Starting with the line that has "SJ Downtown Victorian" in the records below and ending with the line that has "Debina Bonnerjee Instagram", output those lines exactly and nothing more; omit the pictures.

Data entries:
┄┄┄┄┄┄
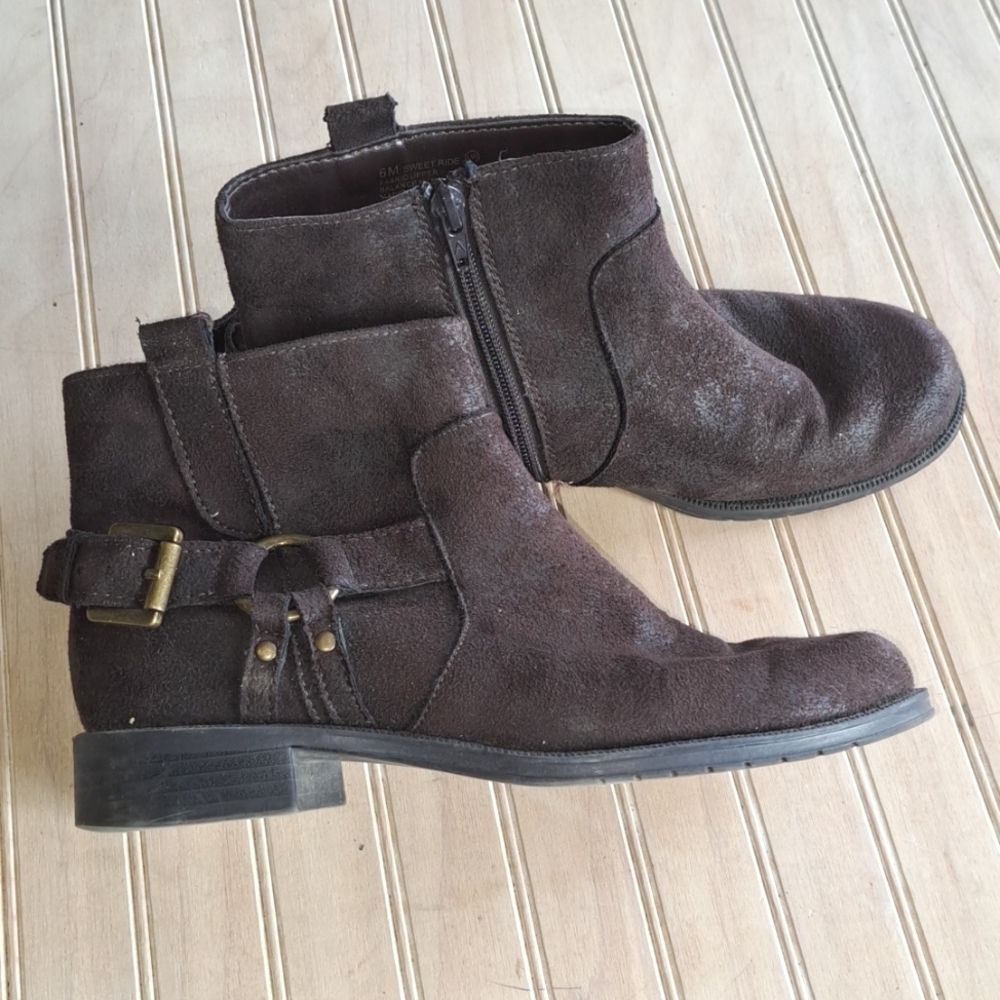 Aerosoles Sweet Ride Women's Brown Faux Suede Harness Side Chelsea Ankle Boots.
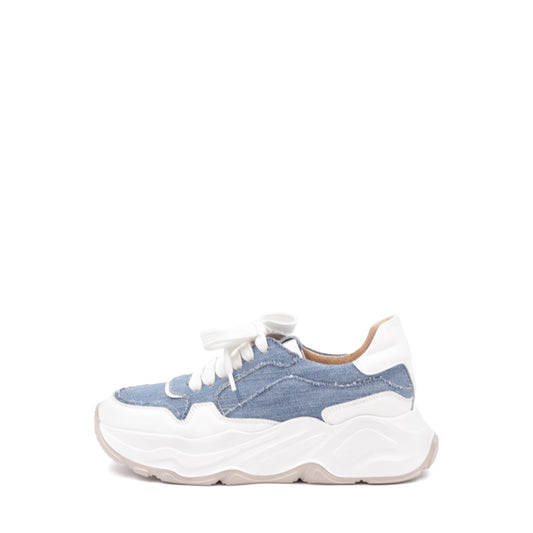 Sneakers med dongeri og skinn.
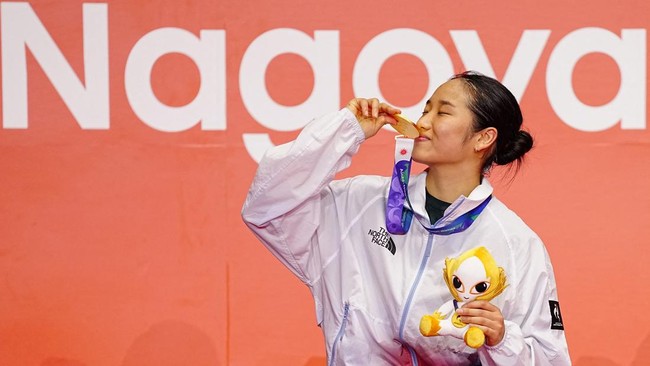 Gold medallist South Korea's An Se-young celebrates on the podium after the women's singles badminton event during the 2026 Asian Games at the Ichinomiya City Municipal Gymnasium in Ichinomiya, Aichi prefecture on September 29, 2026. (Photo by Yuichi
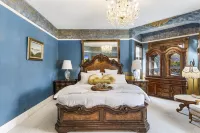 SJ Downtown Victorian Master King Bedroom 2 - Homestays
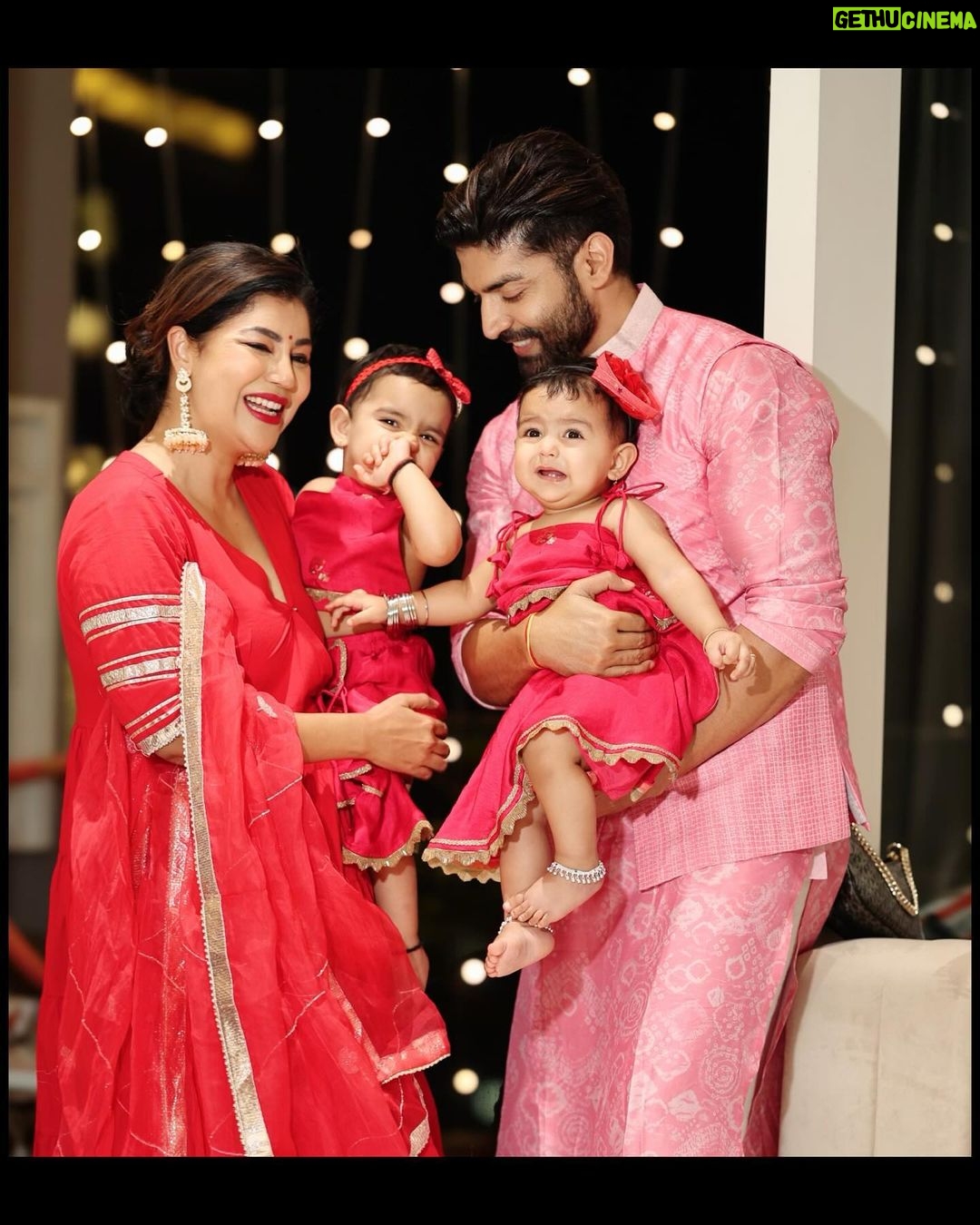 Debina Bonnerjee Instagram - When the whole family is in town it’s indeed a very Happy Diwali ✨❤️ Wishing you all love, light and happiness always 🥰 . . Debina wearing @aachho Gurmeet wearing @saundhindia Babies wearing @monkandmei @meizuluxury . . #HappyDiwali #Family #BetterTogether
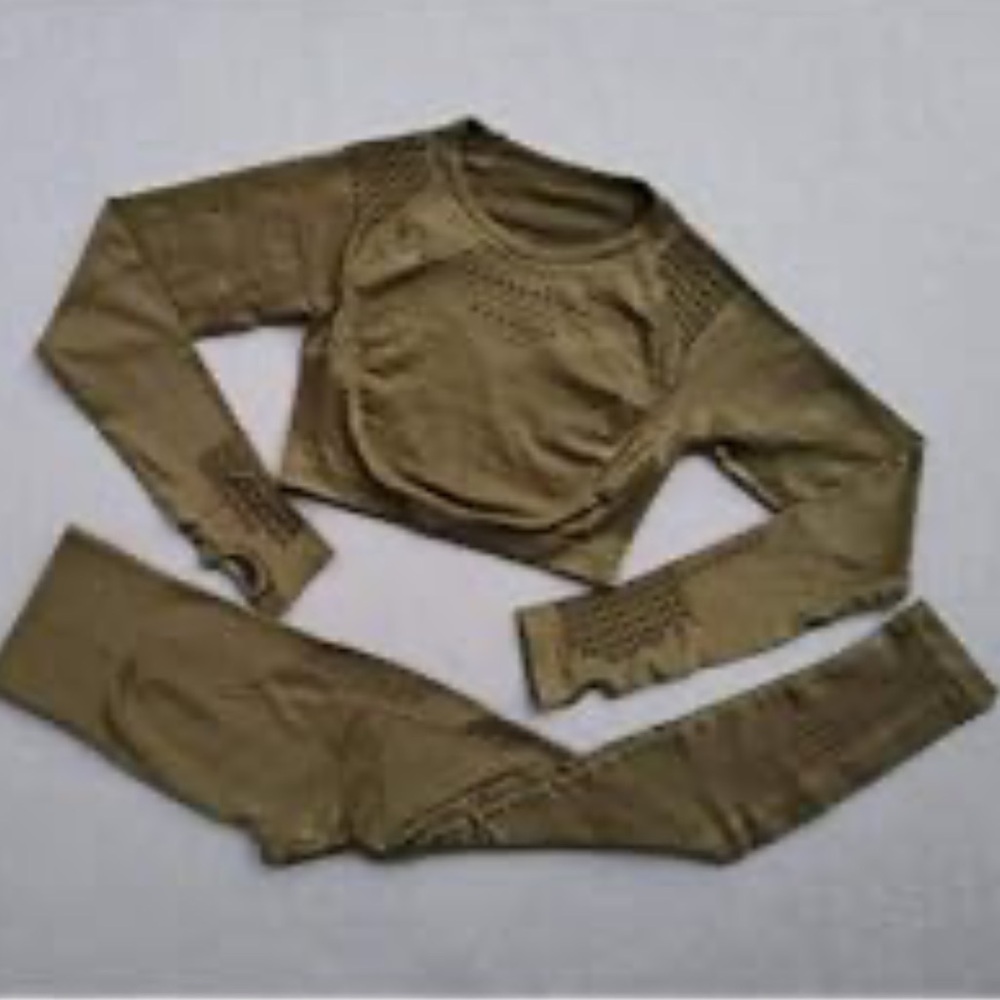 Unbranded | Olive Green seamless 2 piece yoga outfit - Picture 6 of 12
┄┄┄┄┄┄
OUTPUT BELOW:
 SJ Downtown Victorian Master King Bedroom 2 - Homestays
 Debina Bonnerjee Instagram - When the whole family is in town it’s indeed a very Happy Diwali ✨❤️ Wishing you all love, light and happiness always 🥰 . . Debina wearing @aachho Gurmeet wearing @saundhindia Babies wearing @monkandmei @meizuluxury . . #HappyDiwali #Family #BetterTogether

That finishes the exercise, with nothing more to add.